The Bureau of the Treasury (BTr) raised P19 billion via the T-bills it offered on Monday, above the original P15-billion program, as total bids reached P46.875 billion or more than thrice the amount on the auction block.

“The auction was 3.1 times oversubscribed,… prompting the committee to double the accepted volume of non-competitive bids for the 91- and 182-day T-bills,” the BTr said in a statement.

Broken down, the Treasury raised P7 billion from the 91-day T-bills, above the P5-billion program, as tenders for the tenor reached P18.36 billion. The three-month paper was quoted at an average rate of 5.102%, 3.8 basis points (bps) below the 5.14% seen last week. Accepted rates ranged from 4.98% to 5.25%.

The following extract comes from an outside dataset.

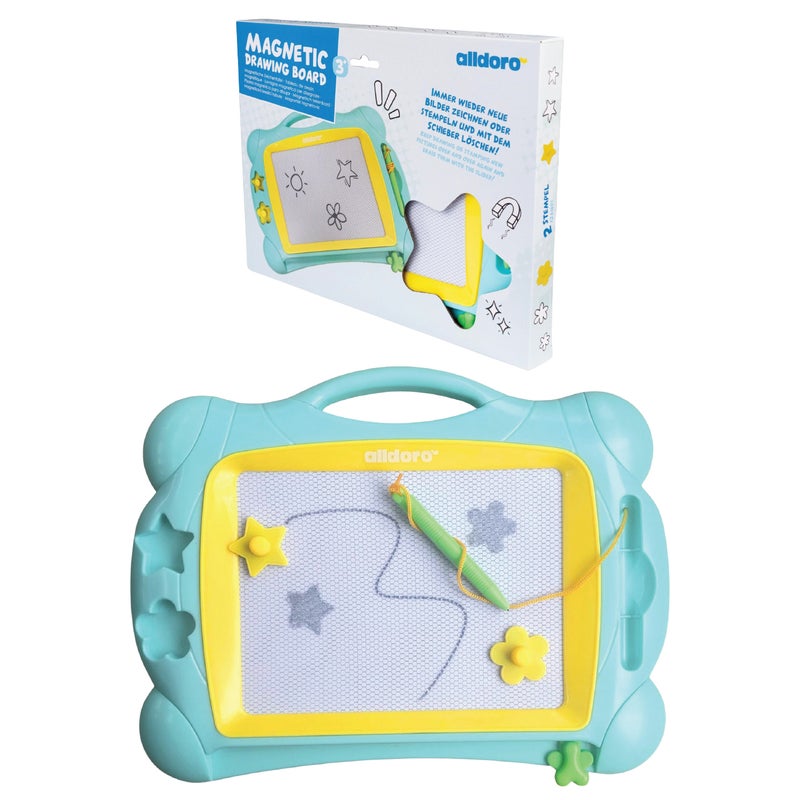 alldoro Magnetic Drawing Board | 19x14cm Screen | Compact 32x25x3cm | Stylus & 2 Stamps | Erasable Travel Doodle Toy for Kids Age 3+ - Image 1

The government also raised P7 billion through the 182-day securities, above the planned P5 billion, as bids for the paper reached P16.91 billion. The average rate for the six-month T-bill stood at 5.582%, inching up by 0.4 bp from the 5.578% quoted previously, with accepted yields ranging from 5.29% to 5.7%.

Meanwhile, the BTr borrowed P5 billion as programmed via the 364-day debt papers as bids for the tenor reached P11.605 billion. The average rate of the one-year T-bill went up by 14.4 bps to 5.973% from 5.829% previously. Accepted rates were from 5.83% to 6.025%.

At the secondary market on Monday, the 91-, 182-, and 364-day T-bills were quoted at 5.2265%, 5.5084%, and 5.8274%, respectively, based on PHP Bloomberg Valuation Service Reference Rates data provided by the Treasury.

T-bill rates were mixed on Monday as “investors considered prospects that the BSP will keep policy rates unchanged,” a trader said in an e-mail.

The central bank will likely keep benchmark interest rates elevated in the coming months until inflation settles within their 2-4% annual target, BSP Governor Eli M. Remolona, Jr. said last month.

The BSP last month kept its policy rate unchanged at a 16-year high of 6.5% for a second straight meeting.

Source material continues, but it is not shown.